Resources for International Cooperation

  • Evaluation
    • Japan continued to make strong efforts in the 1990s to achieve its water management objectives. It also made progress in following up on several recommendations of the 1994 EPR.
    • Human health-related water quality standards for 26 chemical groups are largely respected in freshwater and marine water bodies. Compliance with water quality standards related to the living environment in rivers has continued to improve gradually; it reached 81.5% for BOD in 1999.
    • River control practices have begun to take account of the needs of aquatic species and the growing demand by citizens for river-based amenities.

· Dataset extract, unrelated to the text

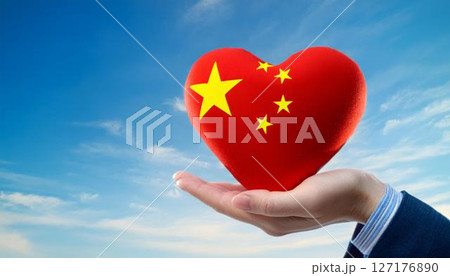 手で持っている中国の国旗のハートと青空 127176890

    • It has not wholly met the objectives of its sewerage construction programme and remains well behind those OECD countries that are the most advanced in terms of municipal wastewater treatment; at the current rate of progress it may be another 15 years before it catches up.
    • The water quality status of lakes and enclosed coastal waters has shown no significant improvement for a considerable period. Eutrophication persists as one of the country's most serious water quality problems, and the frequency of red and blue "tides" has not diminished noticeably.
    • Japan has been slow to respond to the need to reduce nutrient loads to receiving waters, particularly in terms of diffuse sources such as agriculture.
    • The presence of hazardous chemicals (e.g. trichloroethylene) in aquifers poses problems for drinking water supply utilities, and nitrogen-related standards in groundwater are exceeded in 5% of observations.
    • Japanese water legislation needs a more integrated approach. In particular, Japan needs to integrate quantity and quality management better and to move further towards an approach based on entire river basins.
  • Recommendations
    It is recommended to:
    • consolidate the body of water-related laws into coherent legislation integrating quantity and quality management and taking a whole river basin approach;
    • take additional measures to expedite implementation of sewerage construction programmes (e.g. expanding advanced treatment infrastructure, improving combined sewer overflows); further increase the application of the polluter pays and user pays principles; consider a possible role for public-private partnerships towards this end;
    • strengthen implementation of nutrient reduction measures for lakes, bays and inland seas, in particular regarding diffuse sources such as agriculture;
    • strengthen the control of substances hazardous to human health and ecosystems, through cleaner production, effluent control, pesticide regulation and groundwater protection;
    • streamline the water quality classification system and include ecological water quality criteria;
    • continue to actively pursue the restoration of river habitats to near-natural state and extend stakeholder participation in river management to more river basins.